July 18 (Bloomberg) -- Mongolia’s dollar bonds dropped the most in a week after Moody’s Investors Service cut the nation’s credit rating, a decline that prompted ING Groep NV to recommend buying the securities.
The yield on the government’s 5.125 percent notes due December 2022 rose 12 basis points to 7.93 percent as of 1:28 p.m. in Hong Kong, according to data compiled by Bloomberg. The premium investors demand to hold the Asian nation’s debt over similar-maturity Treasuries has widened 57 basis points this month to 534, the biggest gap since April. Mongolia’s currency, the tugrik, fell as much as 0.3 percent to a record 1,841 per dollar today.
Moody’s lowered the rating yesterday by one step to B2, five levels below investment grade, citing a sharp drop in foreign reserves and expansionary polices that have fueled inflation. Reserves fell to $1.6 billion in May from $2.2 billion at the start of the year, the ratings company said. The decline reflected the drawdown of proceeds from Development Bank of Mongolia’s international bond sales and has nearly run its course, said Tim Condon, the Singapore-based head of Asian research at ING.

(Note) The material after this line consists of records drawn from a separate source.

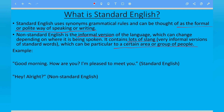So for example, here is a Standard English sentence: "Good morning, how are you? I'm pleased to meet you."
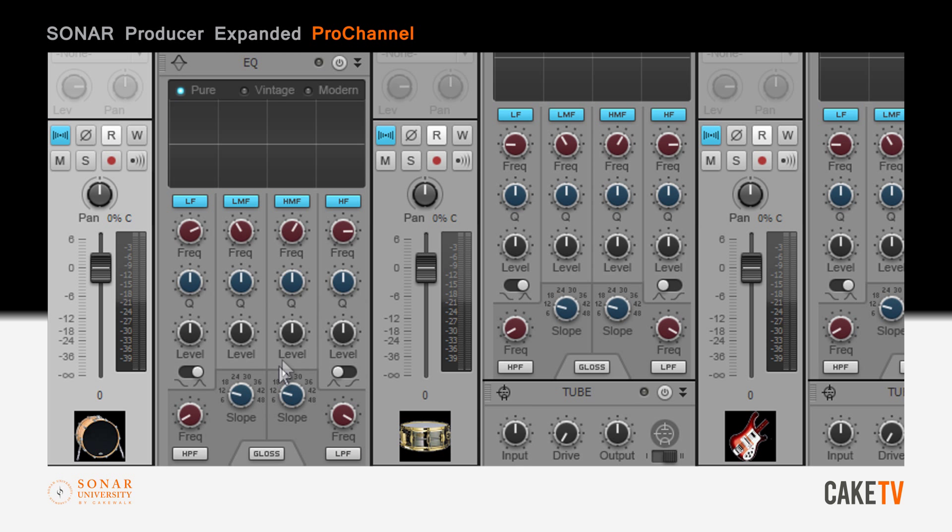By placing the EQ into vintage mode, the Pro Channel is now configured to emulate the components of a classic large-format British console.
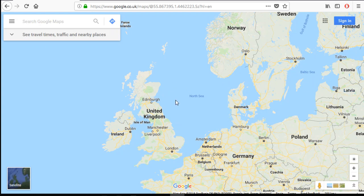Welcome to this tutorial on the most famous and used map nowadays, Google Maps. I want to show you some basic features of Google Maps.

“We think $1.5 billion will be the floor” for the reserves, he said in a phone interview. “Mongolia will also benefit from improved sentiment toward China” as the mainland is the destination of 90 percent of its exports, he said.
China is the world’s second-biggest economy and reported this week a 7.5 percent increase in gross domestic product for the April-June period, more than the 7.4 percent gain predicted by economists in a Bloomberg survey. Citigroup Inc. and JPMorgan Chase & Co. were among banks that boosted their 2014 growth projections for China following the data.
Mongolia’s dollar notes handed investors a return of 5.5 percent this year, the fifth-lowest among 12 regional debt indexes compiled by HSBC Holdings Plc.
Moody’s is the second rating company to downgrade Mongolia this year after Standard & Poor’s lowered its assessment on April 29 to B+ from BB-, or four levels below investment grade. Fitch Ratings, which ranks Mongolia at B+, warned on July 8 on the growing economic and financial risk in Mongolia due to the decline in reserves, which provide only 1.8 months of external payment coverage.
Mineral-rich Mongolia is seeking to boost the economy after almost two years of declining foreign direct investment, including a 52 percent slump last year and 64 percent in the first five months of 2014. Mining disputes, including a high-profile spat with the Rio Tinto Group over the Oyu Tolgoi copper and gold mine it shares with the government, have chilled foreign interest in the sector.
Prime Minister Altankhuyag Norov unveiled in April a stimulus bill, dubbed a“100-day action plan” to promote investment and cut imports. Since then Mongolia’s parliament has approved changes to the nation’s 2006 Minerals Law and passed a new law on energy to help expand the sector.
The authorities “have been trying to do what they can to prop up growth with the Development Bank of Mongolia spending, hoping there will be a revival of FDI,” Condon said. “They view the reserve loss as something that’s fully within their control. The other thing they can do concretely is try and improve the environment for other foreign investors to come to Mongolia.”
As recently as 2011, Mongolia’s growth was a world-beating 17.5 percent. That moderated to 11.7 percent last year, amid a collapse in foreign investment that has continued into 2014.